Problem to solve => Where a line in the records below includes "Diamond", pull that line out.
[[ Supplied material open ]]
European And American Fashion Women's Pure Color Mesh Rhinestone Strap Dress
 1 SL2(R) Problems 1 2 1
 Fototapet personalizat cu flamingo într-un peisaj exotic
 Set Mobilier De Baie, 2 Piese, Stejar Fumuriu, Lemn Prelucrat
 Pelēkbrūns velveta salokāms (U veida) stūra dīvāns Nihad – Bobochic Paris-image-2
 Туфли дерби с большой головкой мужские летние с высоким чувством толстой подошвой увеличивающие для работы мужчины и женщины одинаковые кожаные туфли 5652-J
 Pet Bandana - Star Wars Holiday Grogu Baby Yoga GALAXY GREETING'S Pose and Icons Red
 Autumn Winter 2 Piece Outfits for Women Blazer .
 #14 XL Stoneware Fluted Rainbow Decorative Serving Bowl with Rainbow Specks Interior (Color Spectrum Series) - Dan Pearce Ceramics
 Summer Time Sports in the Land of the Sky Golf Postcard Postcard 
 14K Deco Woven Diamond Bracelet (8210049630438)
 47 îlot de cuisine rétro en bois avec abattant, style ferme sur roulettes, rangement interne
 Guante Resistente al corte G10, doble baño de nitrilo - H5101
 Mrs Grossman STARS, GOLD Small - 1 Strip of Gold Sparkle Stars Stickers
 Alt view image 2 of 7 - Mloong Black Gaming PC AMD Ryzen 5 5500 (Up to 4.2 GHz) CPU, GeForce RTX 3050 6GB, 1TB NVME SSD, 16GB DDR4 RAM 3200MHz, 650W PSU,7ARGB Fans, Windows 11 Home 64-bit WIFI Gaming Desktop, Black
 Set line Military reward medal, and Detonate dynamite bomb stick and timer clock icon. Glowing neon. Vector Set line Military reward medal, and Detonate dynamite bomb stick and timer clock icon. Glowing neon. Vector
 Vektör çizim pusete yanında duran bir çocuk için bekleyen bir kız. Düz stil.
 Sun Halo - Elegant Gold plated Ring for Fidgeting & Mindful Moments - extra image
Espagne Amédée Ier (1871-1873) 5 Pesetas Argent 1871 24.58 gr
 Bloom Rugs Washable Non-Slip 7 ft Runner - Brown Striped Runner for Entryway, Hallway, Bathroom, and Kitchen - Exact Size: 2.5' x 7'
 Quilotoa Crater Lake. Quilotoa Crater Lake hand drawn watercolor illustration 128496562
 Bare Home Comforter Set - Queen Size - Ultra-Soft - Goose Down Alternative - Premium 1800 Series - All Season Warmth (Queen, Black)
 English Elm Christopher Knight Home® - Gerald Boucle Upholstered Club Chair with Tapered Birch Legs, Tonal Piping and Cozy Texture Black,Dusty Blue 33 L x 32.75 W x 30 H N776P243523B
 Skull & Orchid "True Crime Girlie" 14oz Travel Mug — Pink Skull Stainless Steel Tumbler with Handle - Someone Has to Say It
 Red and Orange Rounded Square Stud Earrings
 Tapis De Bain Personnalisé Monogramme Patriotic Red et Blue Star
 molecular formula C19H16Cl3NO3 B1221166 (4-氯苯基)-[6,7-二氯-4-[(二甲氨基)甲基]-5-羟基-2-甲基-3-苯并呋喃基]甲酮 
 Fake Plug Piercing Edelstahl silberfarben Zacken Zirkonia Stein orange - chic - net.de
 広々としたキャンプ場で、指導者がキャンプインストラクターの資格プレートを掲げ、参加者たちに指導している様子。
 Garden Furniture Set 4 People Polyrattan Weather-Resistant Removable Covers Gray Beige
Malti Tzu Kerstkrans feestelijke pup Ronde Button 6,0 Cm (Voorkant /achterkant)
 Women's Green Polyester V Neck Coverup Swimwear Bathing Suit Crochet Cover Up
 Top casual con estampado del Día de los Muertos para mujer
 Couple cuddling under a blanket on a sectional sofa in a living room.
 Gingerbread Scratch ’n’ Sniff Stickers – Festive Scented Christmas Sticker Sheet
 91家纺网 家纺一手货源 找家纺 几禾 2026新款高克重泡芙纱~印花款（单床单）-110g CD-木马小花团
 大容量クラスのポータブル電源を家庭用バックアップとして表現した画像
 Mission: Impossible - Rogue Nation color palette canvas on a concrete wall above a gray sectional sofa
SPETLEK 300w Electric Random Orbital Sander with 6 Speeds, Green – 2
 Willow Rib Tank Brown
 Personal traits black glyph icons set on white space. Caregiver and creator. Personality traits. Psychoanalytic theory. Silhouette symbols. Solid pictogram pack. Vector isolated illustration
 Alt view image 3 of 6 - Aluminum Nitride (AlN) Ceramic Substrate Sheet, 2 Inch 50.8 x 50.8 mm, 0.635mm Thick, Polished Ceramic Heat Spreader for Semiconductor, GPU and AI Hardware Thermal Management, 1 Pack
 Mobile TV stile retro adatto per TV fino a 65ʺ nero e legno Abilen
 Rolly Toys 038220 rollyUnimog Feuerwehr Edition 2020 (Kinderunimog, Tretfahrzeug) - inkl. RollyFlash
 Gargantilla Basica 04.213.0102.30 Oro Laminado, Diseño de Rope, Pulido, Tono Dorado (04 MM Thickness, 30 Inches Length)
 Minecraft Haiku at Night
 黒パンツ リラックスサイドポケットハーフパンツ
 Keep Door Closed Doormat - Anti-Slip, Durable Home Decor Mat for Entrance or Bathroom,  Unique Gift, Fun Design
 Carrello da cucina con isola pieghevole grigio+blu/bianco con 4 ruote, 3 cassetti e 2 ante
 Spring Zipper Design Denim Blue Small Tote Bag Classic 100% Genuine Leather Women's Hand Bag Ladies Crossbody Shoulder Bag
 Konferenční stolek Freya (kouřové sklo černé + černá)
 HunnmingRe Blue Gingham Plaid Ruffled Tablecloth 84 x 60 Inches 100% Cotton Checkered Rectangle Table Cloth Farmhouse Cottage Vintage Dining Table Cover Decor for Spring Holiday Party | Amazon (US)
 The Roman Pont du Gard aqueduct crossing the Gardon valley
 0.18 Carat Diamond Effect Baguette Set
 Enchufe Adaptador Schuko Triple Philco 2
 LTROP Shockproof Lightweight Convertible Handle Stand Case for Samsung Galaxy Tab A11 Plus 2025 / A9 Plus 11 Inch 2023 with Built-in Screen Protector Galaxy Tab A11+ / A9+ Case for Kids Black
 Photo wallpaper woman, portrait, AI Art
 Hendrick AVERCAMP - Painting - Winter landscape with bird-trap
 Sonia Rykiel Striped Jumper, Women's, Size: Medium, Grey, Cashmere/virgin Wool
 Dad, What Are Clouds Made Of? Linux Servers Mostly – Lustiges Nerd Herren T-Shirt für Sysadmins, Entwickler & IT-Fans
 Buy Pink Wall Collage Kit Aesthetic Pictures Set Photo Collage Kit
[[ Supplied material closed ]]
Finished task =>
 14K Deco Woven Diamond Bracelet (8210049630438)
 0.18 Carat Diamond Effect Baguette Set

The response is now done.